## EXERCISE REQUIREMENTS
Output the data below exactly as it is, dropping the pictures from your copy.

[Entries taken from a collection]
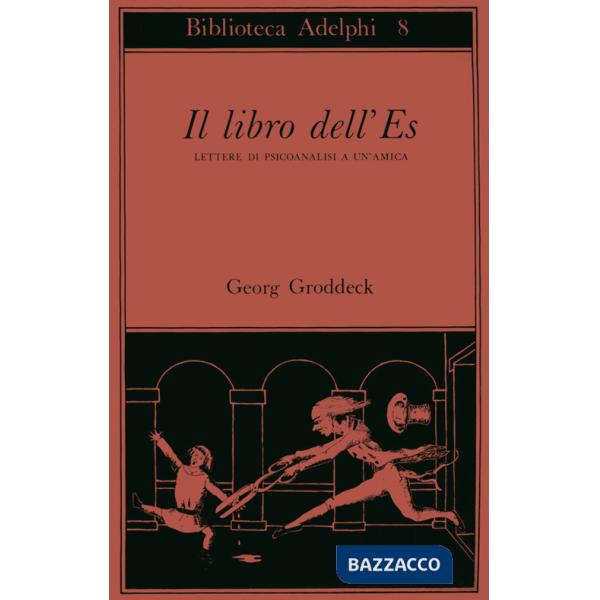 Libro dell'Es. Lettere di psicoanalisi a un'amica (Il)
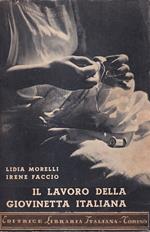 Il lavoro della giovinetta italiana nelle scuole secondarie di avviamento professionale a tipo industriale femminile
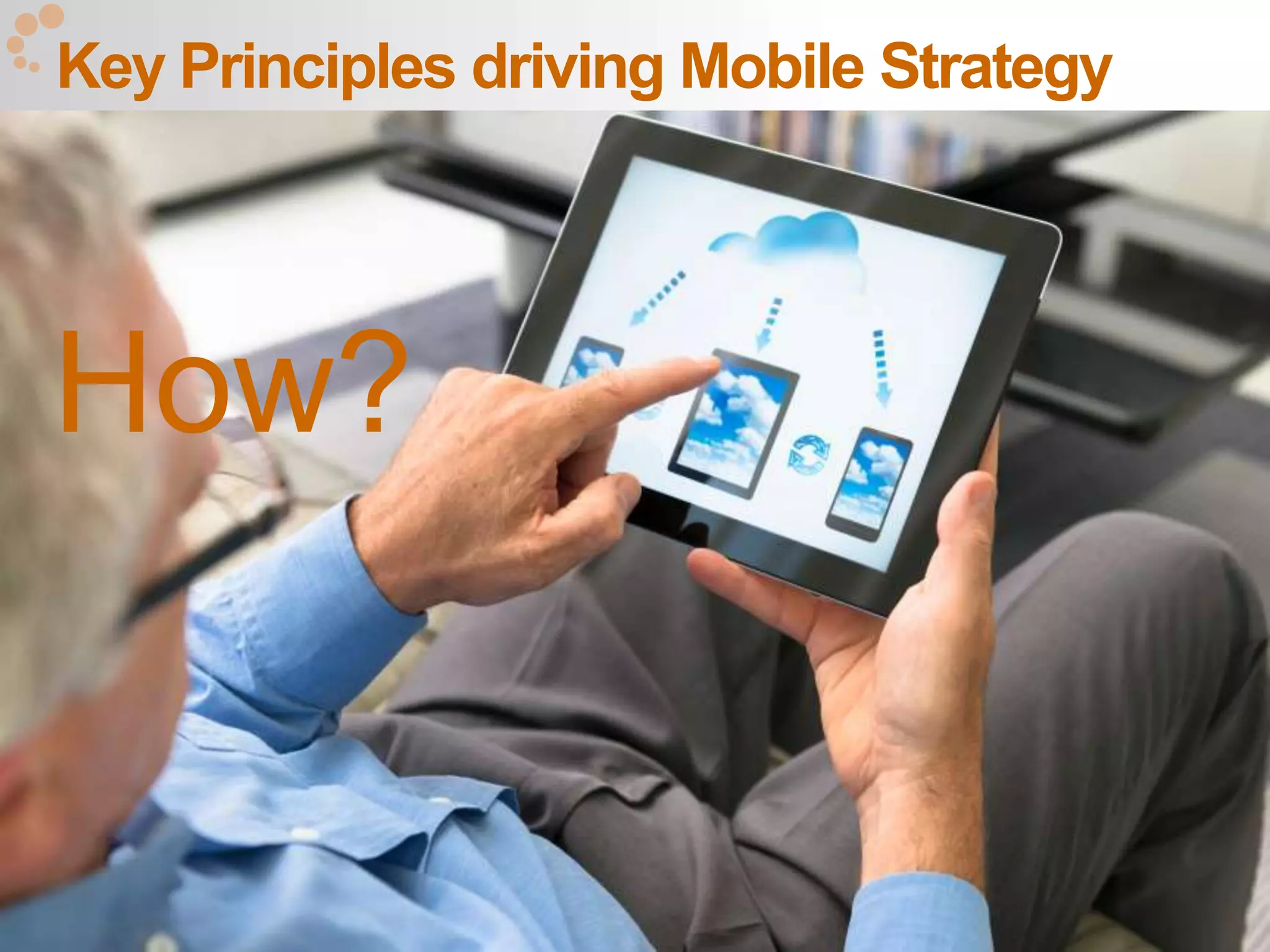 Key Principles driving Mobile Strategy




How?

                                         29
 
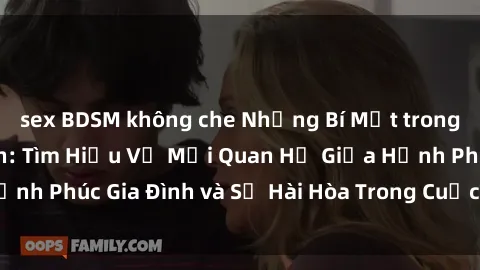 sex BDSM không che Những Bí Mật trong Tình Dục Gia Đình: Tìm Hiểu Về Mối Quan Hệ Giữa Hạnh Phúc Gia Đình và Sự Hài Hòa Trong Cuộc Sống Tình Dục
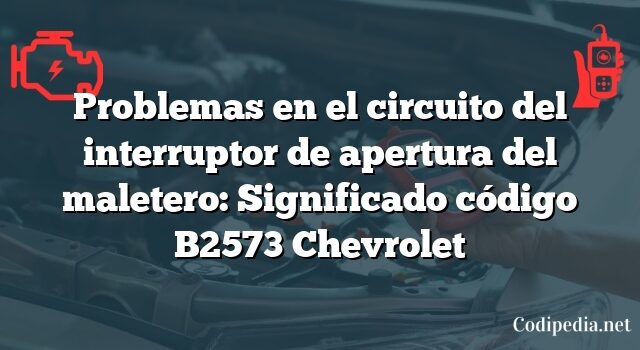 Problemas en el circuito del interruptor de apertura del maletero: Significado código B2573 Chevrolet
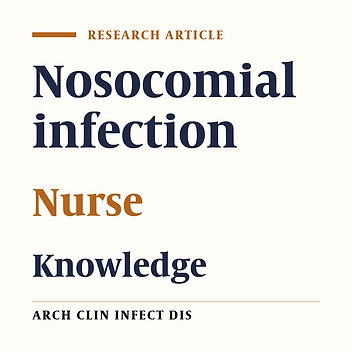 Knowledge and Practice of Nurses About the Control and Prevention of Nosocomial Infections in Emergency Departments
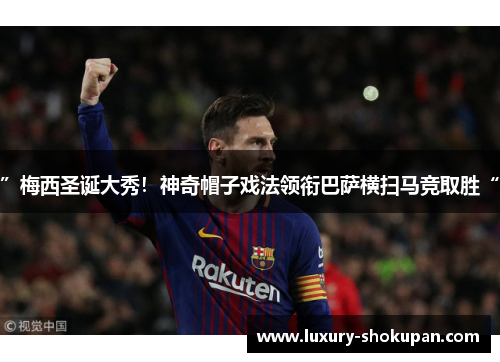 ”梅西圣诞大秀！神奇帽子戏法领衔巴萨横扫马竞取胜“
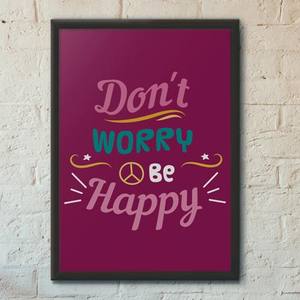 Quadro Decorativo Don´t Worry Be Happy - quadro decorativo em ambiente decorado
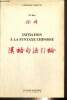 "Initiation à la syntaxe chinoise (Collection ""Langues & Mondes"")". Xu Dan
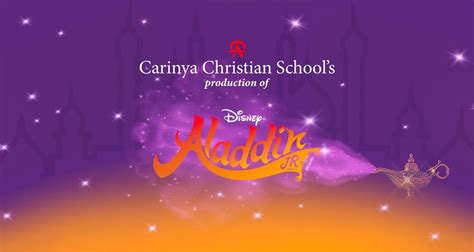 Carinya Christian Schools Production of Disneys Aladdin Jr, 25 Boronia ...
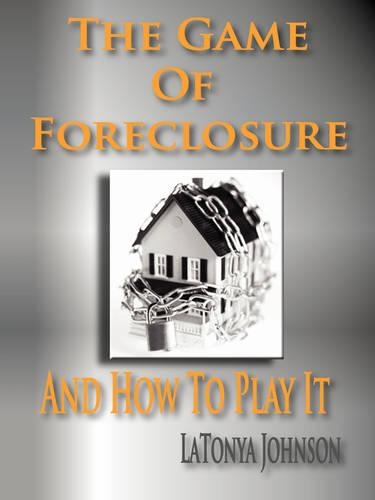 The Game of Foreclosure and How to Play It (Paperback)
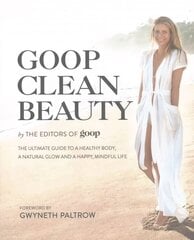 Goop Clean Beauty: The Ultimate Guide to a Healthy Body, a Natural Glow and a Happy, Mindful Life hind ja info | Eneseabiraamatud | kaup24.ee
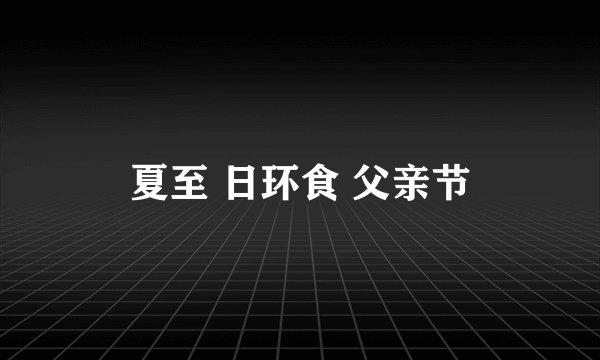 夏至 日环食 父亲节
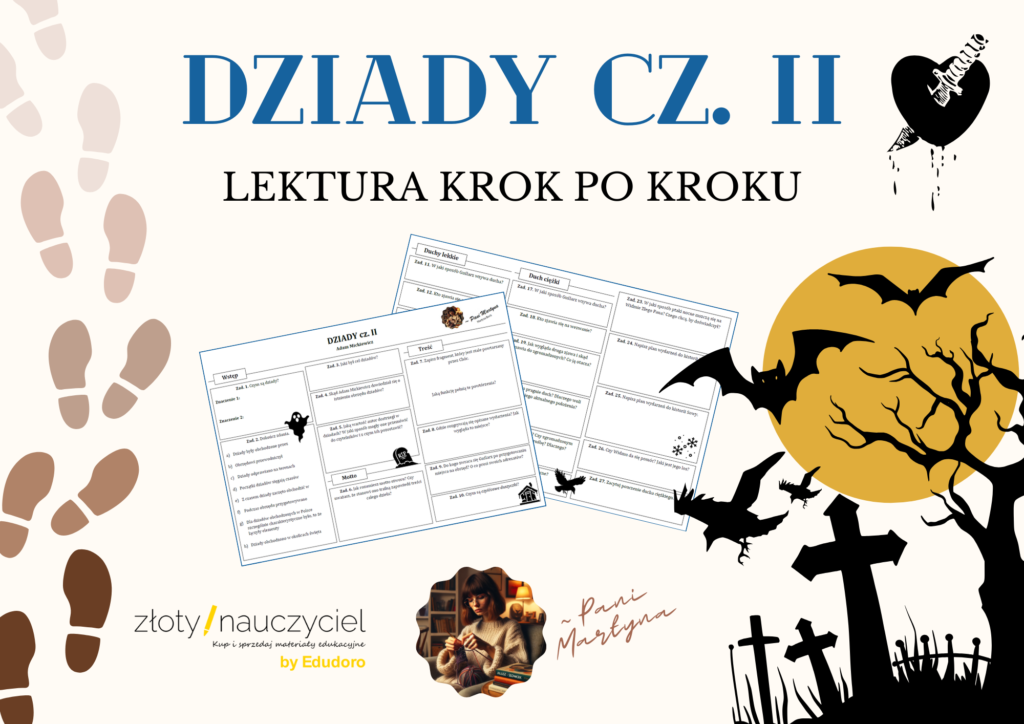 DZIADY cz. II: Krok po kroku – karta pracy do lektury • Złoty nauczyciel Dziady Cz 2 Pdf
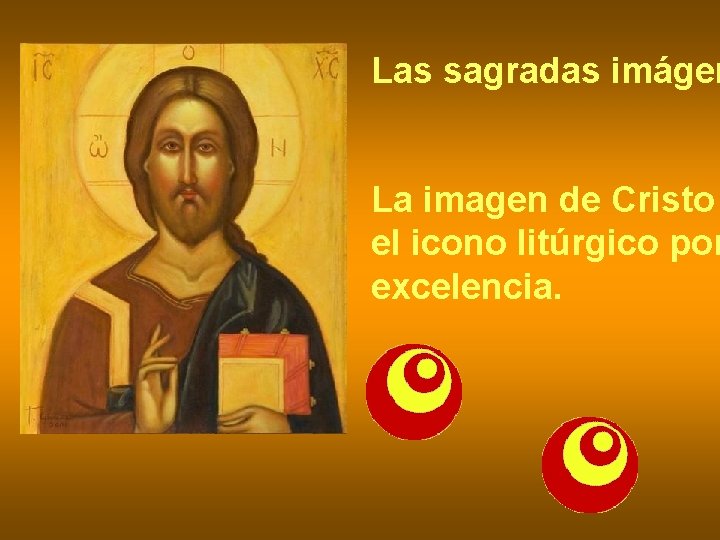 Las sagradas imágen La imagen de Cristo el icono litúrgico por excelencia. 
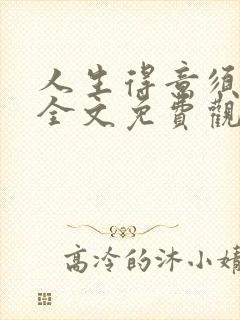 人生得意须纵欢全文免费观看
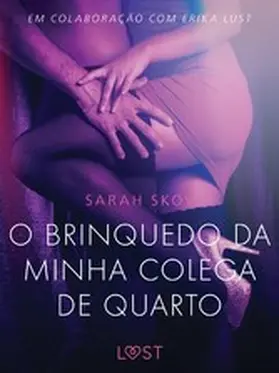 Skov |  O brinquedo da minha colega de quarto - Conto Erótico | eBook | Sack Fachmedien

## REPLY
 Libro dell'Es. Lettere di psicoanalisi a un'amica (Il)
 Il lavoro della giovinetta italiana nelle scuole secondarie di avviamento professionale a tipo industriale femminile
 Key Principles driving Mobile Strategy




How?

                                         29
 
 sex BDSM không che Những Bí Mật trong Tình Dục Gia Đình: Tìm Hiểu Về Mối Quan Hệ Giữa Hạnh Phúc Gia Đình và Sự Hài Hòa Trong Cuộc Sống Tình Dục
 Problemas en el circuito del interruptor de apertura del maletero: Significado código B2573 Chevrolet
 Knowledge and Practice of Nurses About the Control and Prevention of Nosocomial Infections in Emergency Departments
 ”梅西圣诞大秀！神奇帽子戏法领衔巴萨横扫马竞取胜“
 Quadro Decorativo Don´t Worry Be Happy - quadro decorativo em ambiente decorado
 "Initiation à la syntaxe chinoise (Collection ""Langues & Mondes"")". Xu Dan
 Carinya Christian Schools Production of Disneys Aladdin Jr, 25 Boronia ...
 The Game of Foreclosure and How to Play It (Paperback)
 Goop Clean Beauty: The Ultimate Guide to a Healthy Body, a Natural Glow and a Happy, Mindful Life hind ja info | Eneseabiraamatud | kaup24.ee
 夏至 日环食 父亲节
 DZIADY cz. II: Krok po kroku – karta pracy do lektury • Złoty nauczyciel Dziady Cz 2 Pdf
 Las sagradas imágen La imagen de Cristo el icono litúrgico por excelencia. 
 人生得意须纵欢全文免费观看
 Skov |  O brinquedo da minha colega de quarto - Conto Erótico | eBook | Sack Fachmedien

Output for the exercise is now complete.